Penumbra Obliterated

I’ve got a question for any of our readers that happen to be lawyers.

Free access to abortion services appears to be a shibboleth of the Left that they hold particularly dear. That, at least, is the unmistakable conclusion one must draw when considering the actions of the Democrats.

For example, the abortion question was at the forefront of the news all during the Bush administration. Just about every time the President nominated a jurist to fill a vacancy on a court bench, it seems that the Democrats wanted to spend most of their time during the confirmation hearings endlessly grilling the potential judge on their views concerning abortion. If memory serves, it started with Priscilla Owen, who had to wait through four years of wrangling and filibuster before her nomination ever came to a vote!
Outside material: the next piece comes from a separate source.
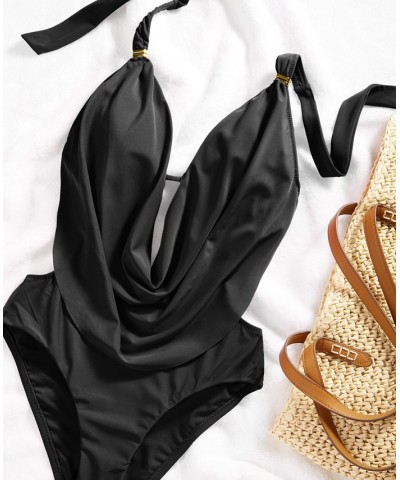 Solid Cowlneck One-Piece Swimsuit Black $43.12 Swimsuits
In fact, she would probably still be stuck in confirmation hearing limbo if it wasn’t for the so-called Gang of 14.

There were other issues that got the Dem’s fur up, but it seemed to me that the abortion issue certainly took center stage more often than any other.

Unless I am mistaken, abortions are considered a right because the only way to outlaw them is to allow the government to violate our right to privacy. The right to an abortion isn’t directly a right as specified under the Constitution, but it is a right protected under the penumbra of the 14th Amendment.

Such vital decisions are between a pregnant woman and her doctor. But wouldn’t increased government meddling in the medical profession destroy the very basis of that right?

Pres. Obama recently gave a speech concerning his health care reform plan. The now infamous “red pill, blue pill” speech. It seems to me that he thinks most doctors are either ill-informed hacks who don’t know what they are doing, or else they are money-besotted greedniks that care more for stuffing their bank accounts than curing the sick. Either way, a panel of experts needs to be appointed to develop “protocols of health care.”

So Obama’s solution to the high costs of health care is to have the government take a direct interest in every aspect, even going so far as dictating which drugs your doctor is allowed to prescribe for you.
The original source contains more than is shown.